I’m showing you this because it’s exactly what desperate researchers are tempted to do—and exactly what you must not do.
The pooling lesson
| Strategy | p-value | Valid? |
|---|---|---|
| 19 arms, all separate | 0.39 | ✓ Yes, but no power |
| Top 5 arms (selected on data) | 0.15 | ⚠ Exploratory only |
| Theory-based pooling (3 groups) | 0.05 | ✓ If pre-specified |
| Binary: signal vs all others | 0.013 | ✓ If pre-specified |
| Top 3 vs bottom 3 (selected on data) | 0.004 | ✗ Cherry-picked |
Pooling based on design is science. Pooling based on observed results is p-hacking.
What we learned
Let’s recap. We had 19 arms with real effects hidden in 3 of them:
- Omnibus test: nothing (p = 0.39)
- FDR screening: arm 19 looks promising (raw p = 0.015) but doesn’t survive correction
- Max-T: no confirmatory signals (best p = 0.15)
- Confidence intervals: massive—every arm is compatible with zero
- Pooling by design: finally gets us to p = 0.013
And yet—the ranking worked. Arms 19, 18, 17 (the real effects) landed at #1, #5, and #6 in our pairwise screen. Mixed in with noise, yes. But the true signals floated toward the top.

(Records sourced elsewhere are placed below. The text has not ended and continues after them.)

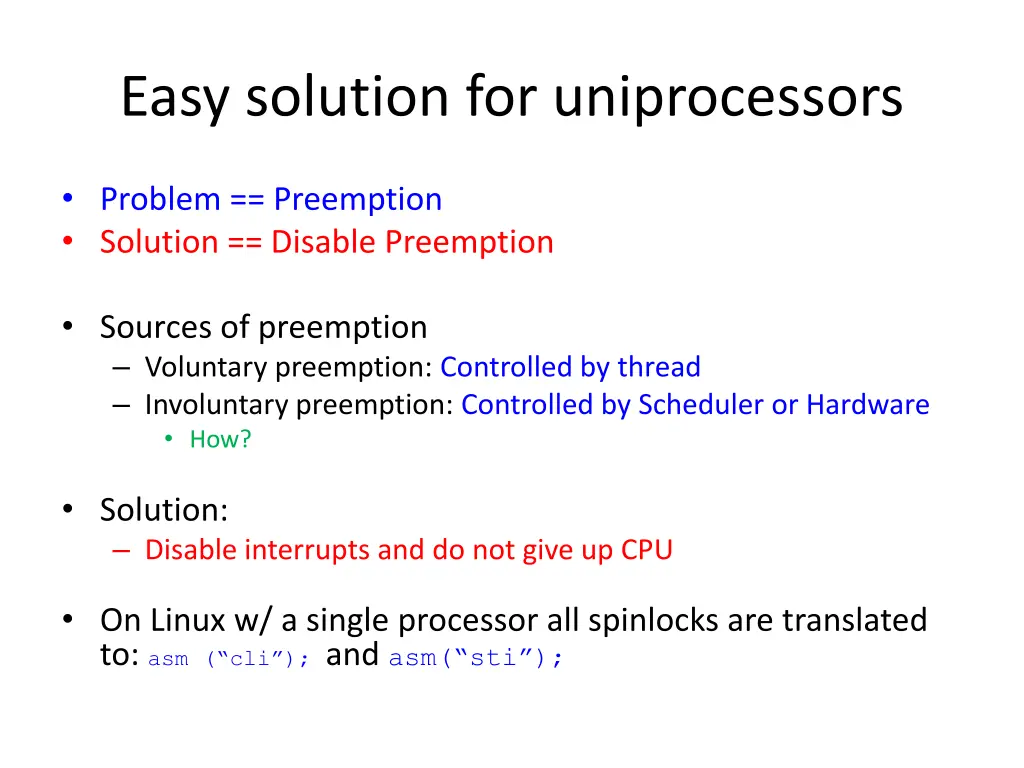 easy solution for uniprocessors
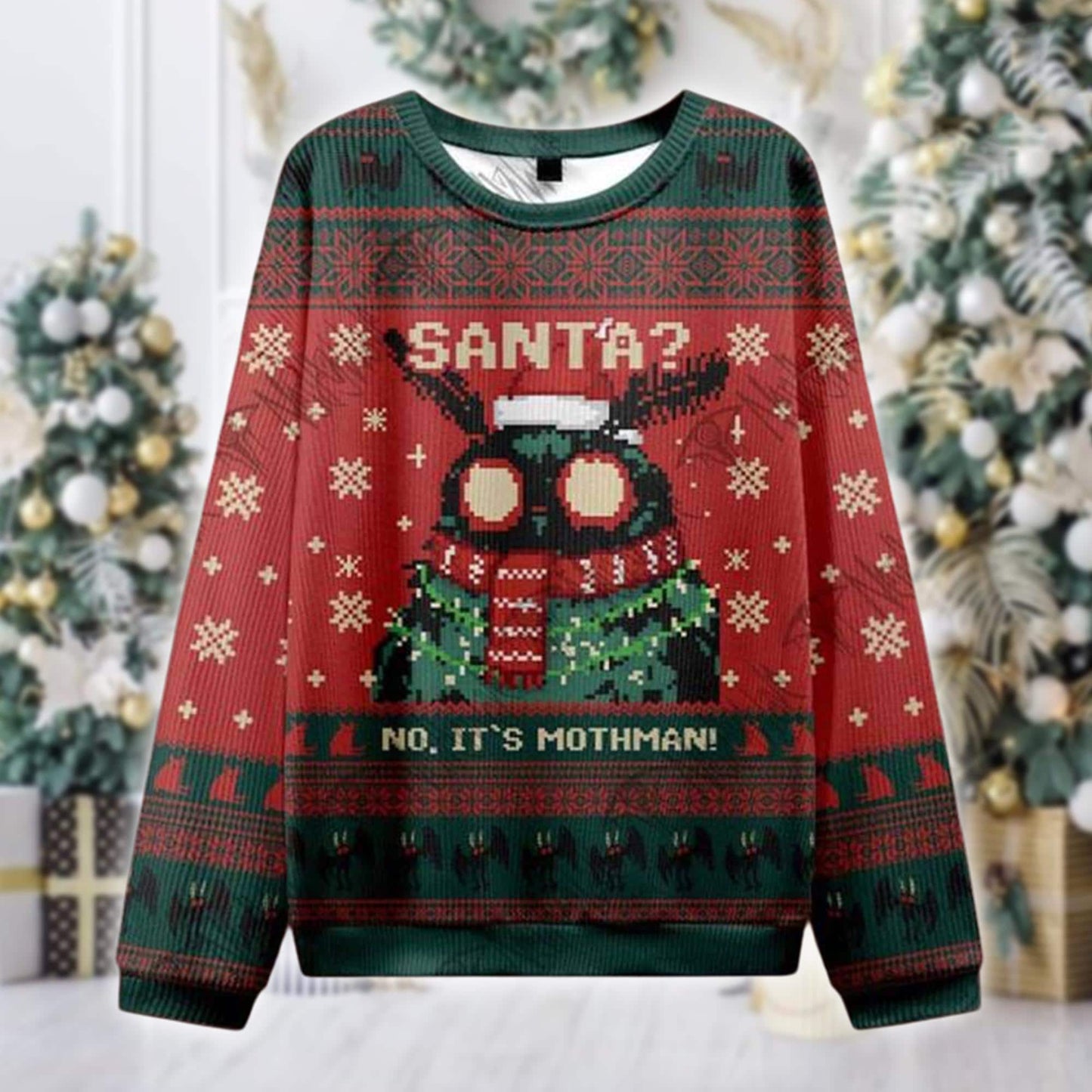 Funny Mothman Ugly Christmas Sweater, No It's Mothman Meme Shirt, Cryptid Holiday Jumper, Weird Xmas Gift for Him Her, All Over Print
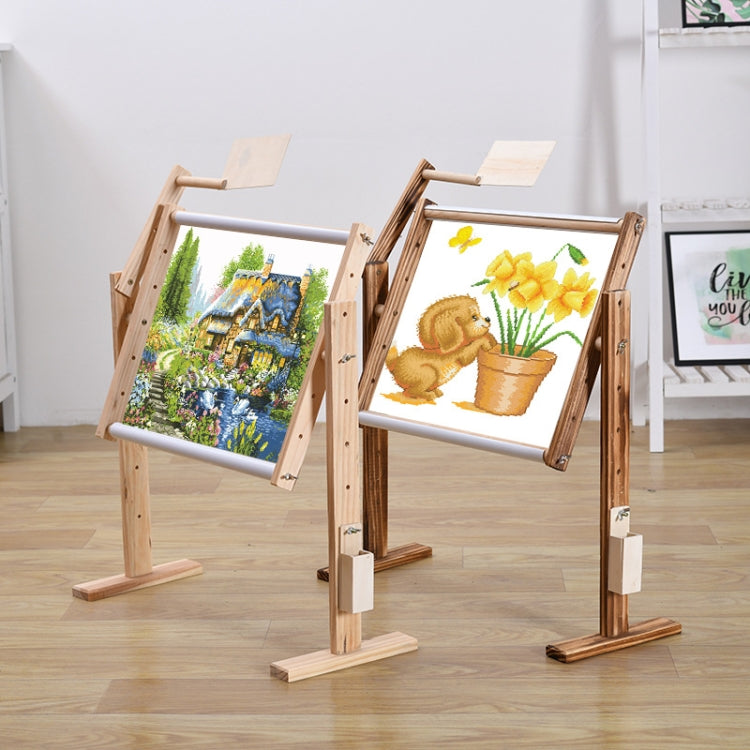 Adjustable pine cross-stitch stand with two held embroidery panels on rotating frames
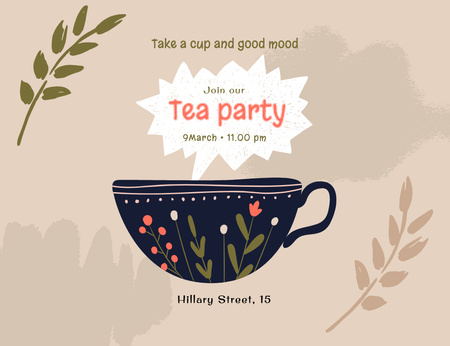 Designvorlage Ankündigung der guten Teeparty mit bemalter Tasse für Invitation 13.9x10.7cm Horizontal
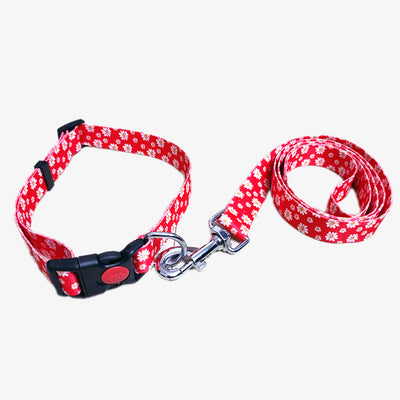 RED FLOWER Graphic Dog Collar and Leash Combo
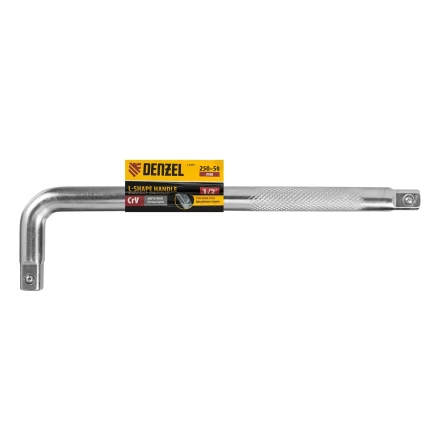 Вороток Г-образный, 250*50 мм, квадрат 1/2&quot;, CrV, матовый хром Denzel 14063 купить в Урае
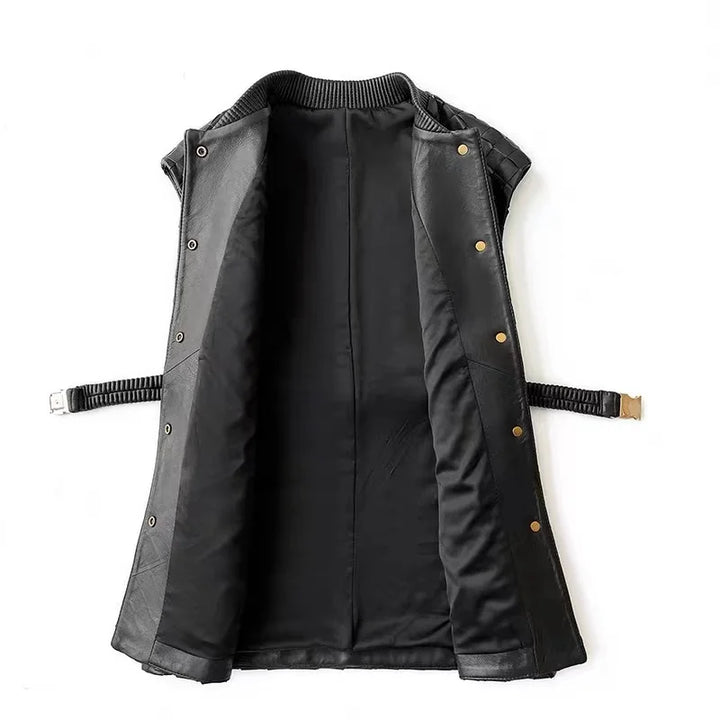 Black sleeveless vest with zip-like center and snap buttons, open front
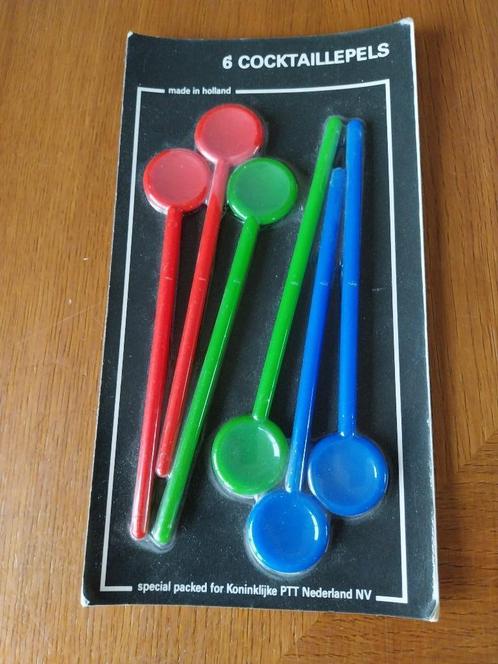 Set 6x cocktaillepeltjes – Koninklijke P.T.T Nederland B.V, Verzamelen, Retro, Huis en Inrichting, Ophalen of Verzenden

That’s what you can expect from a screening exercise: imperfect signal, honest about its imperfection.
Quick reference
| Goal | Method | Controls | When to use |
|---|---|---|---|
| Is anything different? | Omnibus permutation | Type I error | First step before pairwise |
| What to follow up on? | Pairwise + FDR | Proportion of false discoveries | Screening/exploratory |
| Confirmatory claim? | Max-T | Familywise error rate | Need ironclad evidence |
| Show uncertainty? | Bootstrap/permutation CI | Coverage | Always—display the intervals |
| Stratified design? | Blocked permutation | Type I within strata | Multi-site or stratified |
| Gain power? | Pre-specified pooling | Type I (if pre-specified) | Arms share mechanisms by design |
The bottom line
There is no magic trick for small samples. What you can do:
- Use permutation tests when parametric assumptions are shaky (they usually are with n < 30)
- Use FDR for screening, Max-T for confirmation
- Show confidence intervals—let readers see the uncertainty
- Pool by design, never by results
- Be honest about what your data can and cannot tell you
The uncomfortable truth is that small samples don’t produce the clean, quotable results that make it into abstracts. But honesty about uncertainty is valuable—especially in a field full of overconfident claims from underpowered studies.